◆ Material provided:
----------------------------------------
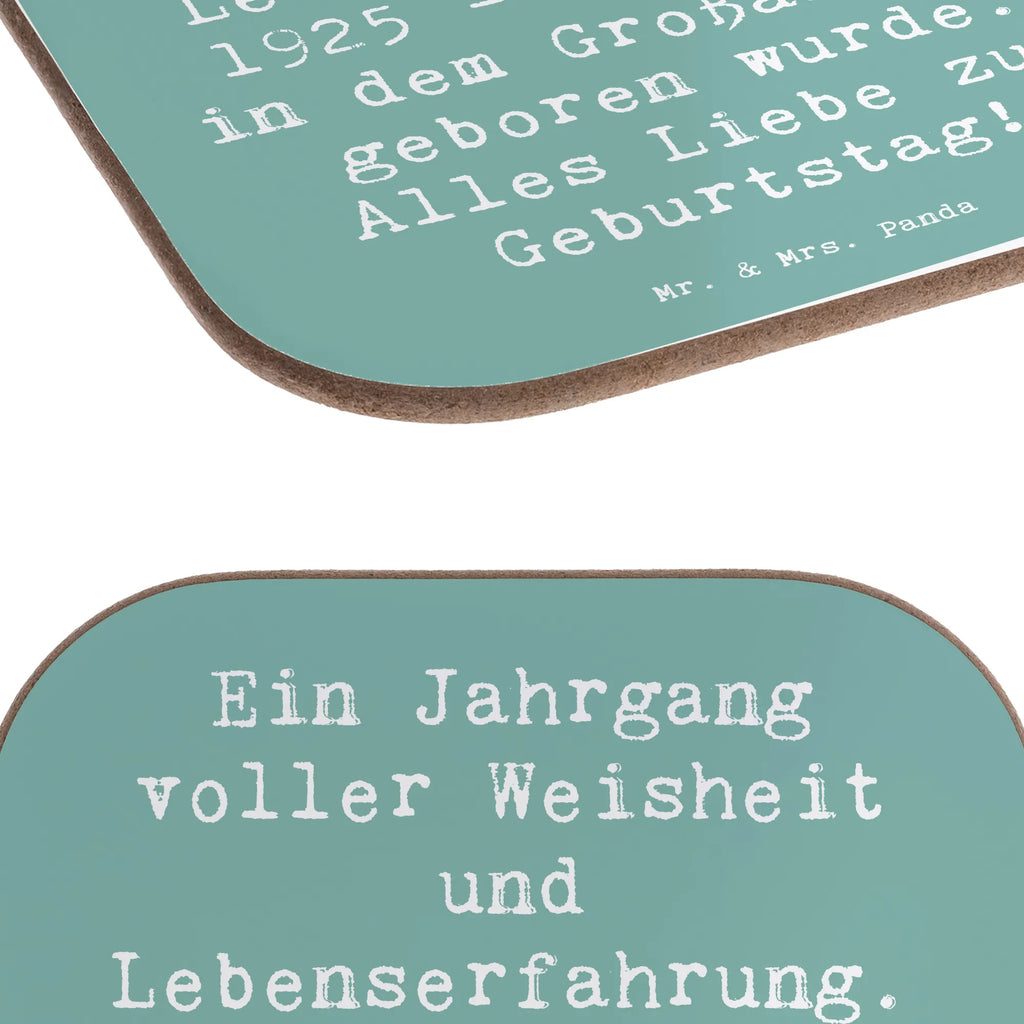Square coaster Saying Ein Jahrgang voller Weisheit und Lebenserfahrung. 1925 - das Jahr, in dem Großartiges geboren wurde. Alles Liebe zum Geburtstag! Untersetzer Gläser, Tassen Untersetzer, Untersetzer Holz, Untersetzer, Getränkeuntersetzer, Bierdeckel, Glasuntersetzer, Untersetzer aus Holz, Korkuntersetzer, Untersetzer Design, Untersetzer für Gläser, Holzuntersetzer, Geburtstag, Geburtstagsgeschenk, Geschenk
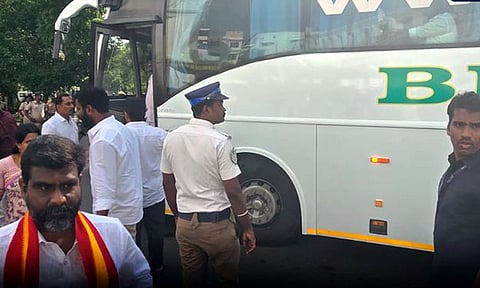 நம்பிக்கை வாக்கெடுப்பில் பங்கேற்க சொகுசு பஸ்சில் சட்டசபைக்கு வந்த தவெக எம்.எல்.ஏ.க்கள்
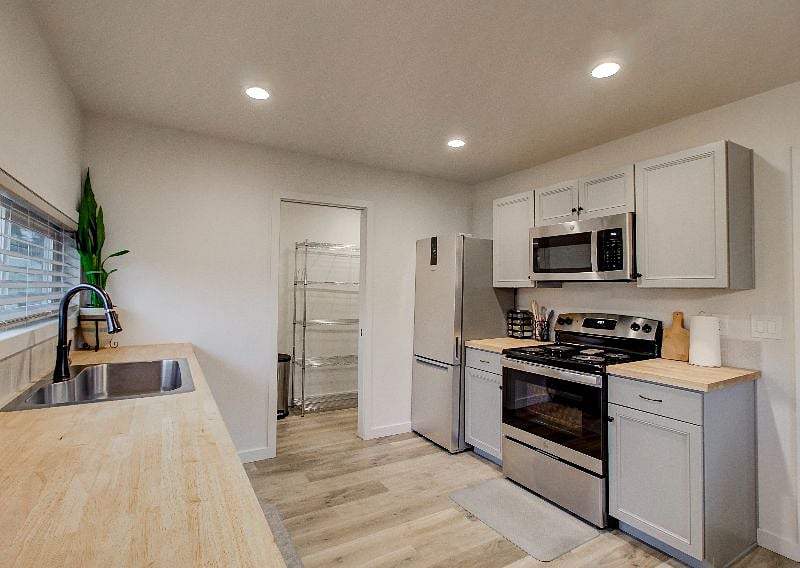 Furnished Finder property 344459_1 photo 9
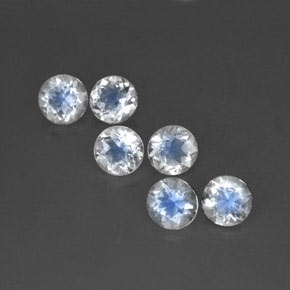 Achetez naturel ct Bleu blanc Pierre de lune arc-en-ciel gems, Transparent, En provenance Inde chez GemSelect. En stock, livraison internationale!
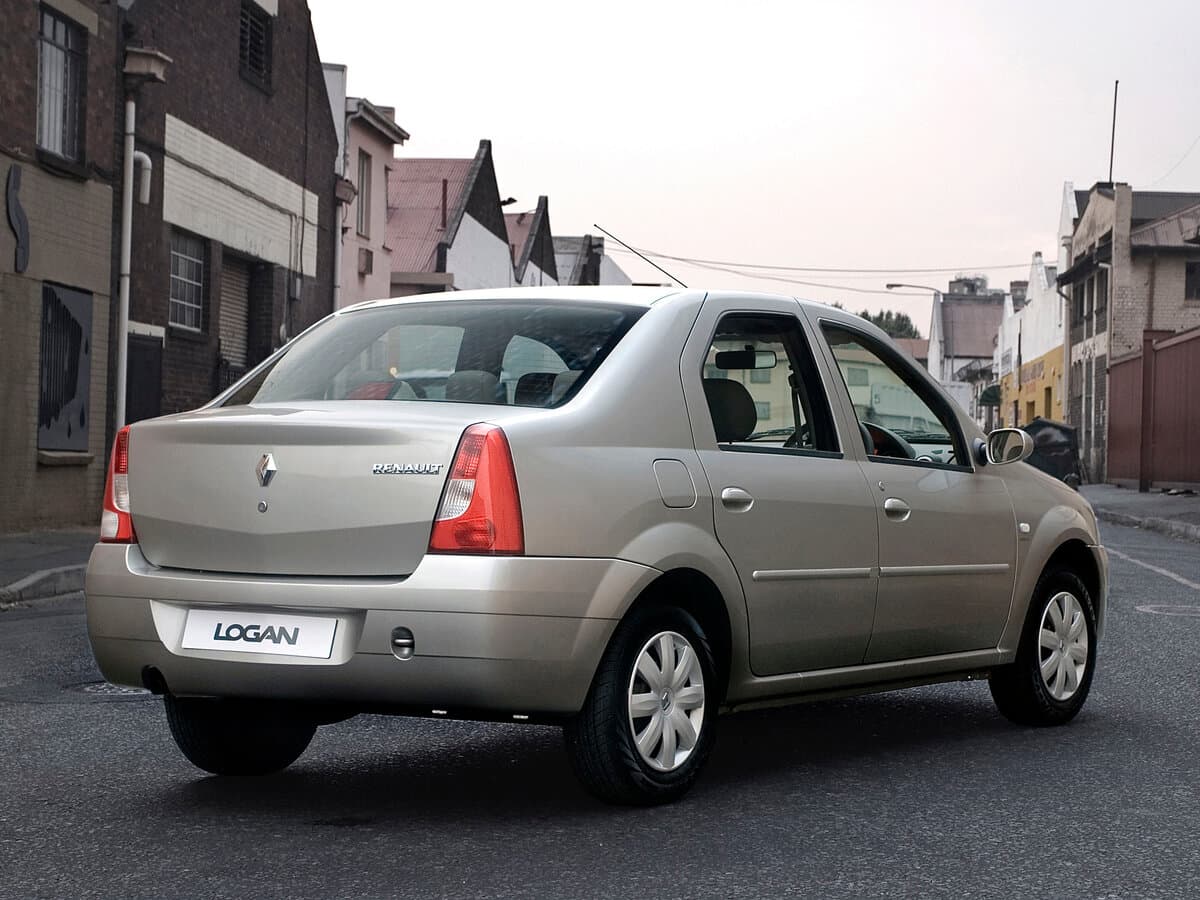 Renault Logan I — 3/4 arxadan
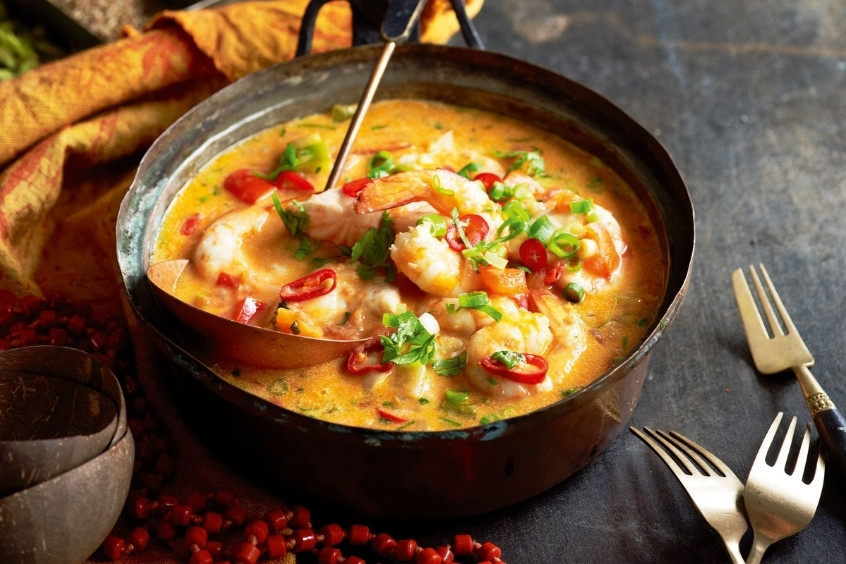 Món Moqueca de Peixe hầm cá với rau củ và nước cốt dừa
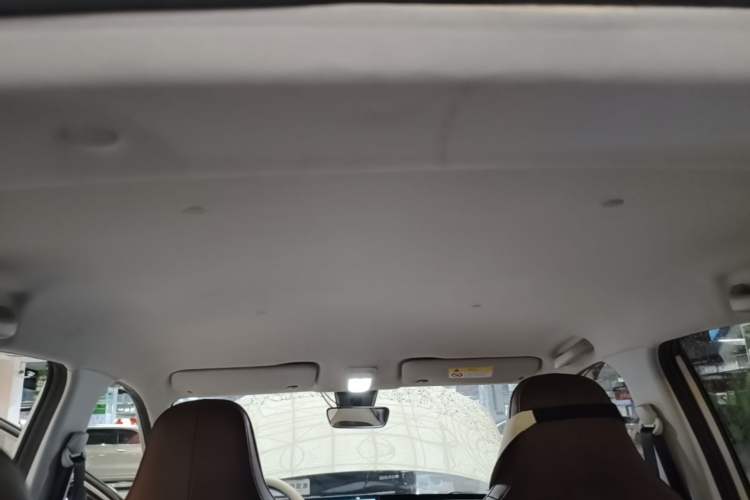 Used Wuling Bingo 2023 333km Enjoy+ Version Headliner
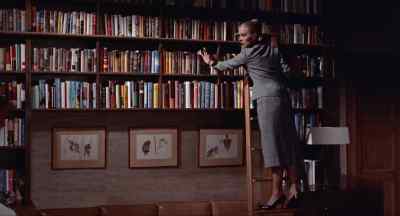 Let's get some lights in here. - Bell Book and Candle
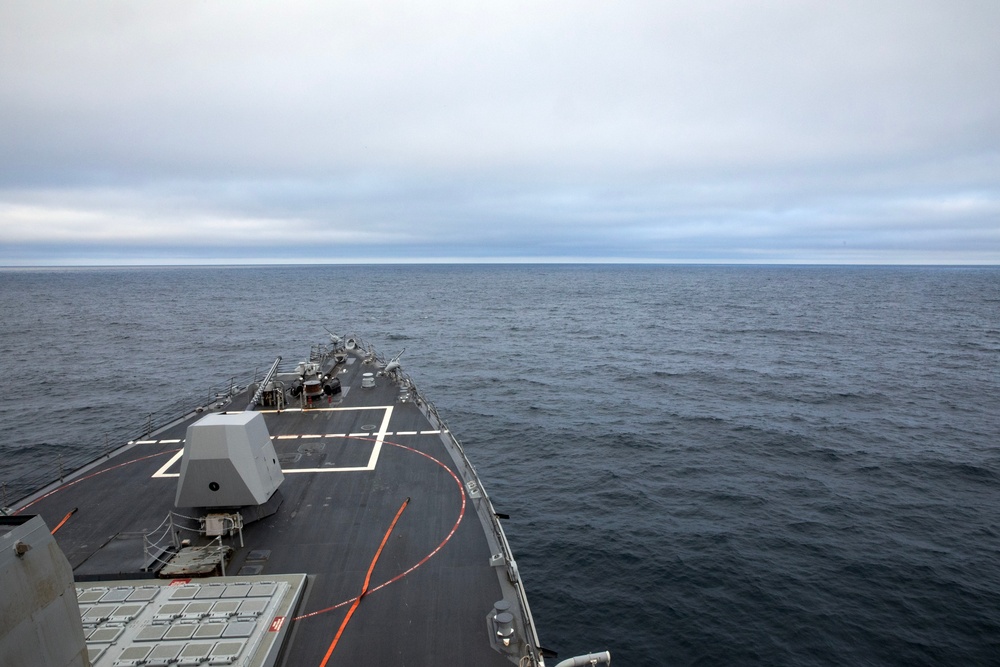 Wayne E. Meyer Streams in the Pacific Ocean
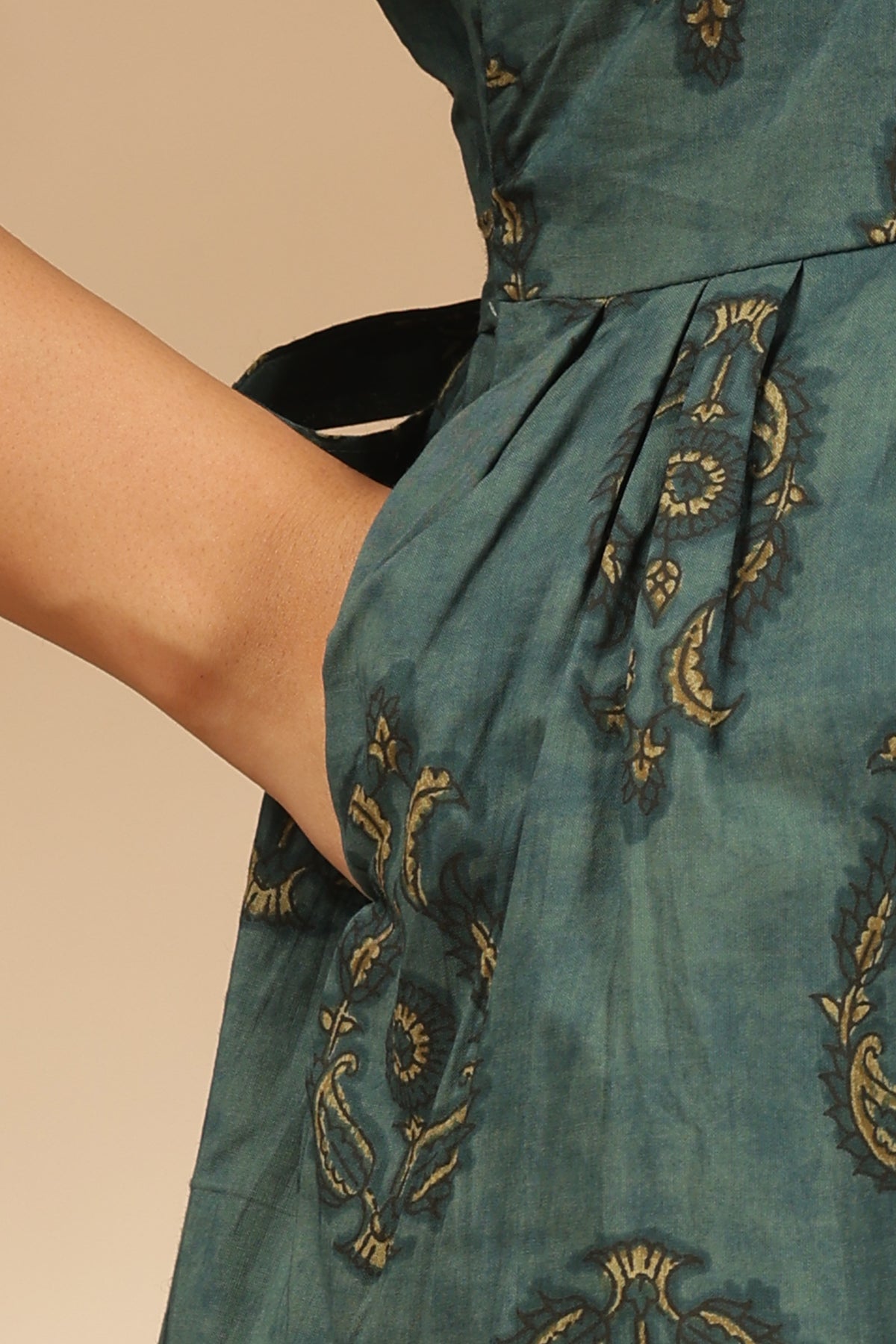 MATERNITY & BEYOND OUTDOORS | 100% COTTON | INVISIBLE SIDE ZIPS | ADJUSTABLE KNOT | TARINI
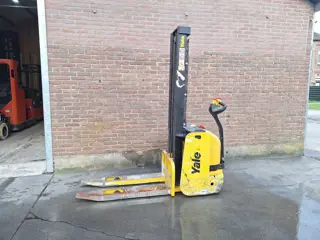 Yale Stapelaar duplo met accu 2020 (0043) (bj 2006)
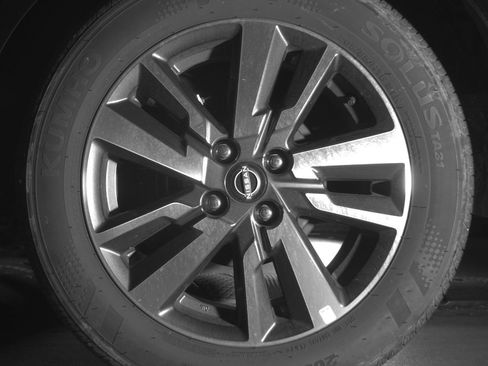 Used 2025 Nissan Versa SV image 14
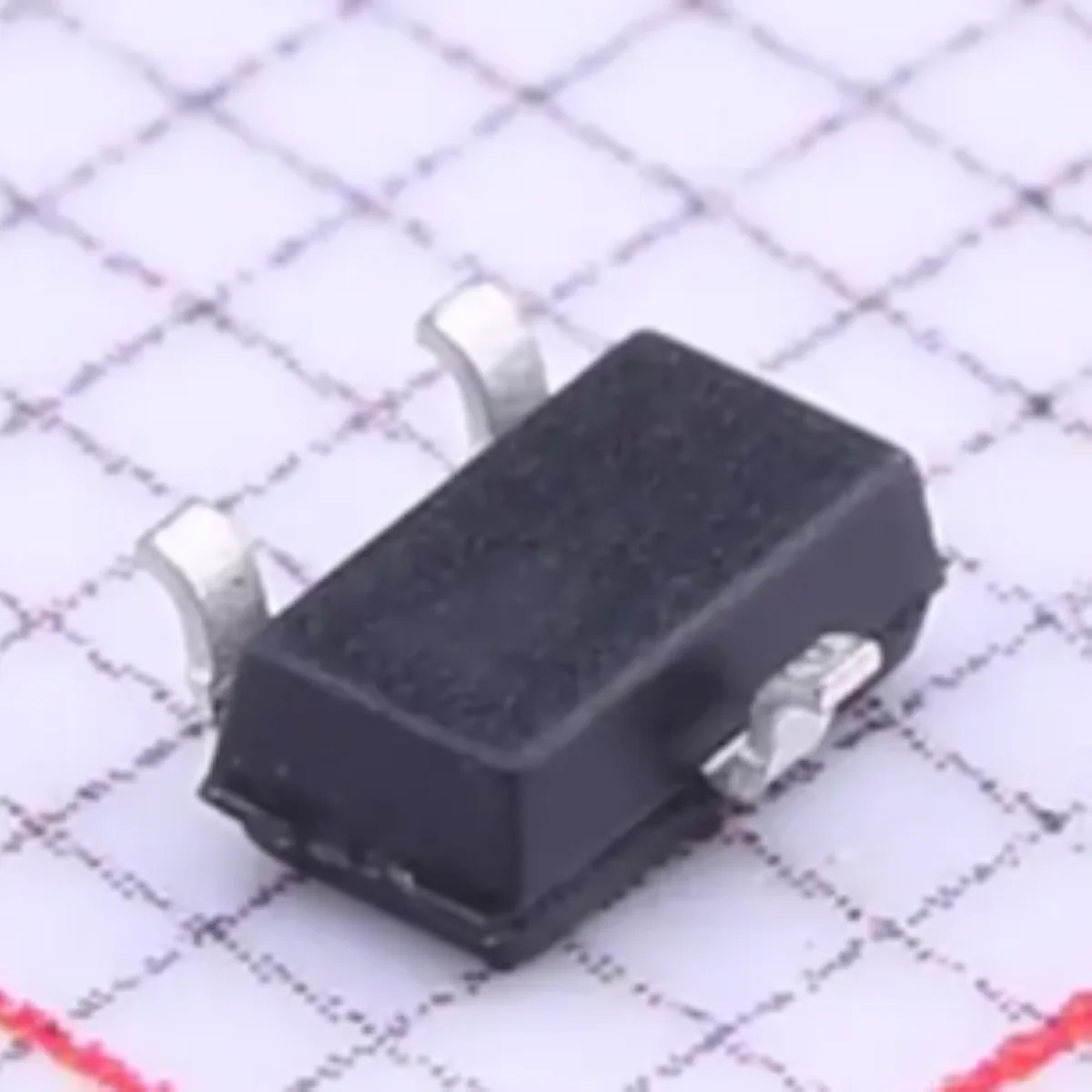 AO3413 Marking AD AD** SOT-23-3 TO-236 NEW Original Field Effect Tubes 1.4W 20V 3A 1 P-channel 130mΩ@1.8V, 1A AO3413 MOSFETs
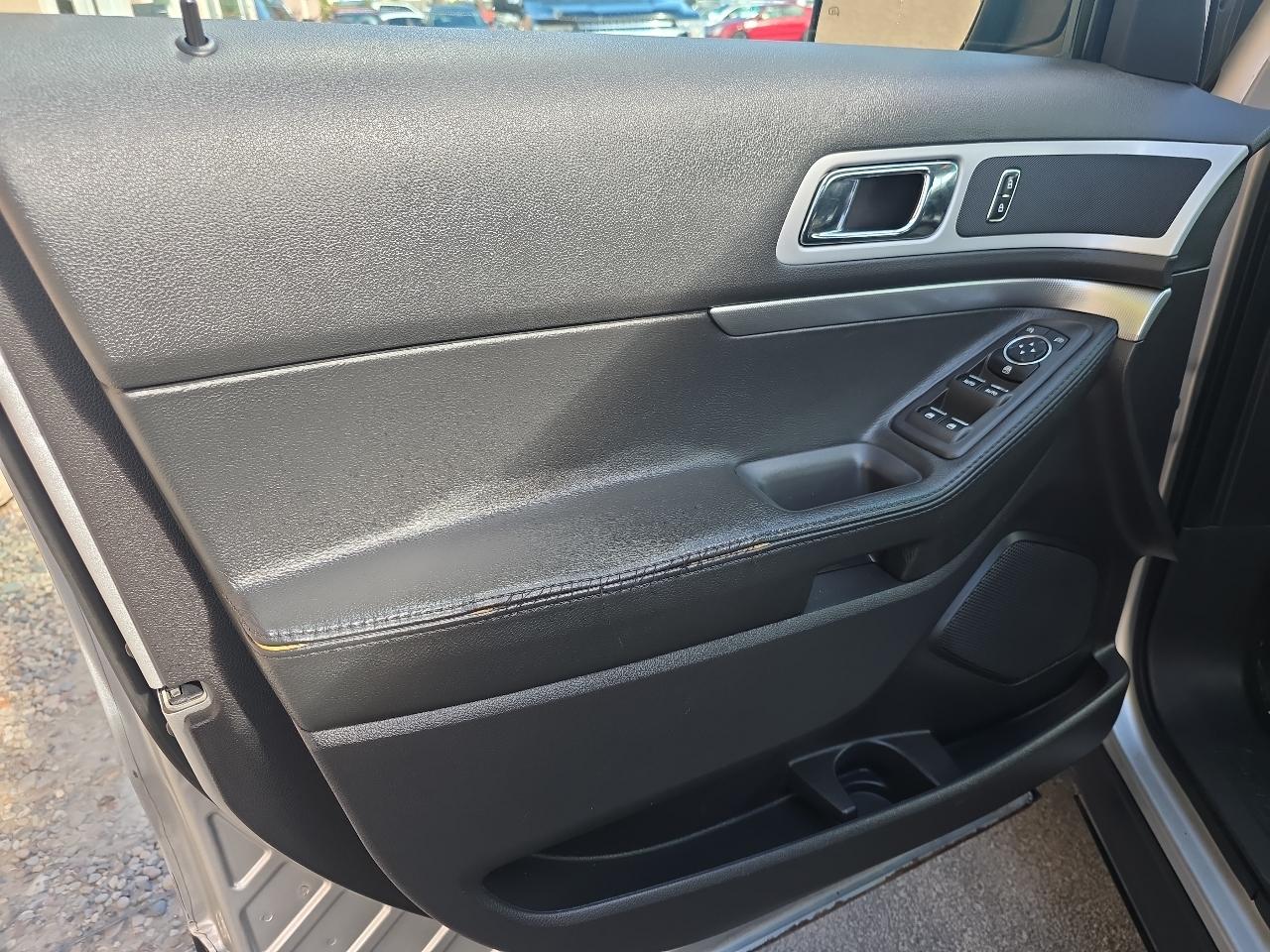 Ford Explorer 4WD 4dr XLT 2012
----------------------------------------
◆ Requirement:
Pictures excluded, output exactly the line that contains "Wayne E. Meyer Streams in the Pacific Ocean" and every line after it to the end of the data above.

◆ Answer to the problem:
 Wayne E. Meyer Streams in the Pacific Ocean
 MATERNITY & BEYOND OUTDOORS | 100% COTTON | INVISIBLE SIDE ZIPS | ADJUSTABLE KNOT | TARINI
 Yale Stapelaar duplo met accu 2020 (0043) (bj 2006)
 Used 2025 Nissan Versa SV image 14
 AO3413 Marking AD AD** SOT-23-3 TO-236 NEW Original Field Effect Tubes 1.4W 20V 3A 1 P-channel 130mΩ@1.8V, 1A AO3413 MOSFETs
 Ford Explorer 4WD 4dr XLT 2012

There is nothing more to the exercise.